My own illustrated compost making regime is described in full here.

Composting equipment

In order to make good compost there is a small list of requirements.

  • Compost Ingredients
  • Two compost bins of some description
  • A garden fork
  • A garden shredder (ideally)

The best compost bin set up is to have a system with two bins.  One for adding to and one for maturing.  Whatever the size of your garden you should try to have two bins.  If your garden is small, have two small bins.  Having two bins means never having to separate mature compost from semi-rotten yuk.  Growing tropical plants creates a lot of matter.  The larger your compost bins the easier it is for you.

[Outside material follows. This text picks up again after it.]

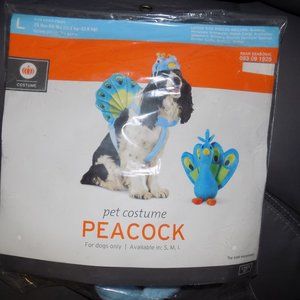 PEACOCK Dog Halloween Costume Size LARGE 25-50 lbs 18-22 " Neck -Tail 2 PC NEW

If you are serious about making compost a garden shredder is a valuable tool.  For the typical urban garden an electric powered shredder will be sufficient.  If you have a sprawling estate, more powerful petrol versions are available.  The benefit of using a garden shredder is to increase the surface area of what you wish to decompose.  The more surface area the faster the process.  If you put a thick branch straight into the compost bin it will still be there in a years time.  Shred it and it becomes incorporated with everything else.

There are basically two types of electric garden shredders.

  • Impact shredders -  these have a spinning blade rather like a food processor.  They are cheaper but noisier.  These work better with greener material.  Blades will get blunt over time which reduces the efficiency.  Replacing blades is a headache unless you enjoy working with spanners and the like.
  • Crush and cut shredders - these shredders pull the material into the shredder for you and then a blade chops it in to small pieces.  Much quieter but more expensive due to more moving parts.  These shredders cut quite coarsely and it is worth re-feeding the stuff through for a second time if it is very woody.  There is a tendency for them to get clogged if you try to put too much green material through.  The best solution is to leave any green pruned material in a neat pile for a few days.  The remaining leaves will remove water from the material and then will be drawn into the shredder much easier.  Crush and cut shredders work best with branches and twigs.

In an ideal world it would be nice to have one of each.

If for whatever reasons you decide against a shredder, twigs and the like should still be chopped into small pieces using secateurs.  Apart from increasing the surface area for decomposition, a lack of twigs will make your job of turning the compost that much easier.

Leaf mould

Leaf mould is the process of composting leaves separately.